Christian Theocratic Views?
Yesterday, I openly wondered about where Professor Kenneth Elzinga would draw the line between religion and state. I still have no idea about that, but I have long argued that a fundamental precept of Western Civilization is the distinction between two realms, the sacred and the secular, a distinction perhaps ultimately grounded in Mark 12:17:
Render to Caesar the things that are Caesar's, and to God the things that are God's. (King James Version)Since Mark and its synoptic parallels (Matthew 22:21, Luke 20:25) attribute this distinction to Jesus, it has the founder's blessing and thus offers legitimacy to the secular sphere. Of course, my point depends upon these words being void of irony, but even if meant in earnest, the hermeneut still faces the question as to where the line is best drawn between the secular realm of Caesar and the sacred realm of God.
ἀπόδοτε τὰ Καίσαρος Καίσαρι καὶ τὰ τοῦ θεοῦ τῷ θεῷ (Textus Receptus)
Some Christians, in fact, appear to think that the secular sphere ought to be very restricted. Immediately after posting yesterday's blog entry, which touched on the state-religion distinction, I received a Christianity Today article written by Christine A. Scheller, "Connoisseur for Christ: Roberta Green Ahmanson" (January 19, 2011), which offers a complex portrait of a very wealthy couple, Howard and Roberta Ahmanson, who fund a large number of conservative Christian causes. I say "complex" because they also fund the arts, and not a narrowly circumscribed version either. Read the article to learn about that.

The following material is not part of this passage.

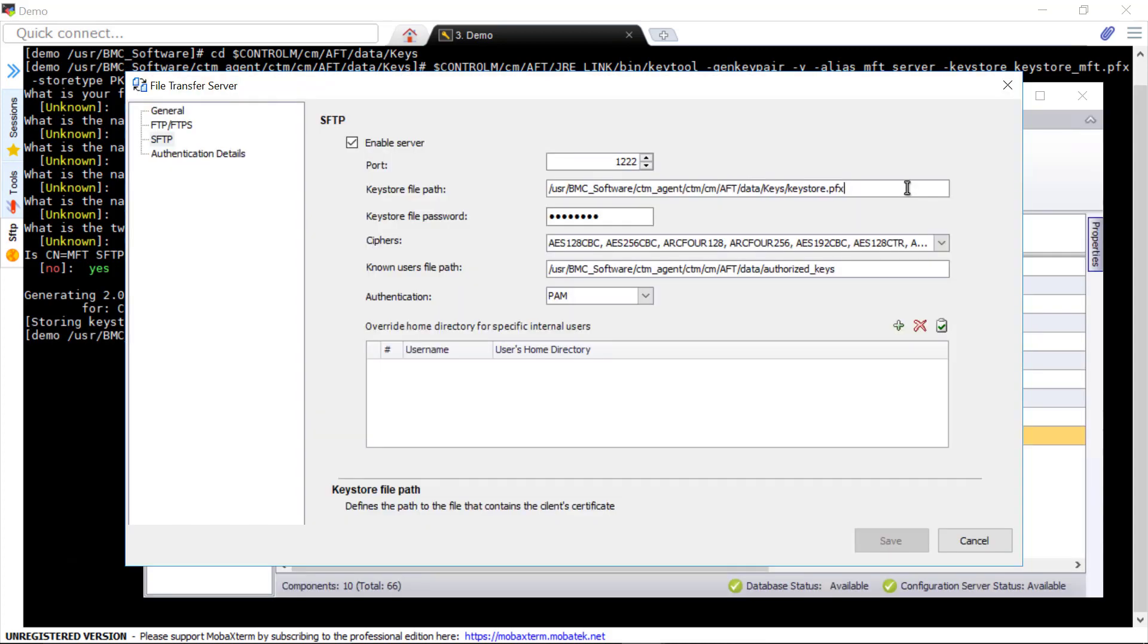Switch back to CCM and update the keystore file name and password in Managed File Transfer's SFTP File Transfer Server Properties panel.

What interests me today is the charge that the couple support theocratic views of Christianity. Let me offer a couple of quotes that -- as with yesterday's quotes -- I again lift from their context:
[I]n a scathing 2004 Salon profile of Howard, "Avenging Angel of the Religious Right," Max Blumenthal took pains to show that the Ahmansons' ultimate goals are theocratic, a charge that has been widely disseminated. Roberta at once denies and defends the claim: "I never was, and I don't know if Howard ever was either. I'm afraid to say this, but also, what would be so bad about it?"That last point is the sort of reply that worries me: "what would be so bad about" theocracy? What would be bad about some politicians claiming to speak for God and rule in his name? That would be bad enough, but the devil is in the details:
Ahmanson is equally unflinching in her defense of [the Christian Reconstructionist, Rousas John] Rushdoony, controversial in part for his belief that the Levitical laws should be applied in modern society. Roberta claims he wasn't "the ogre" he was made out to be and explains his theodicy as a response to his family's flight from the Armenian genocide in Turkey. "His whole life project was to try to figure out what could protect you. In the end, he came down to the only thing that is solid is God's law. Well, you say the word law in the 20th or 21st century, and people break out in a rash."I wonder if "theodicy" is a misprint for "theocracy," since the latter is precisely what the application of the Levitical laws to society would mean. Anyway, people don't break out in a rash over the word "law" -- the "rule of law" is what most people want. What people are 'allergic' to, however, is a law that mandates stoning for adultery, among other divinely proscribed offenses. Ms. Ahmanson's response doesn't take the issue seriously enough.
Now, I don't know precisely what Ms. Ahmanson's views actually are, and I'm not out to attack her, nor do I know much about Rousas John Rushdoony. Rather, I'm simply trying to orient myself concerning a Christian version of what I consider the Islamist danger.
I suppose that the next step is to look into Christian Reconstructionism.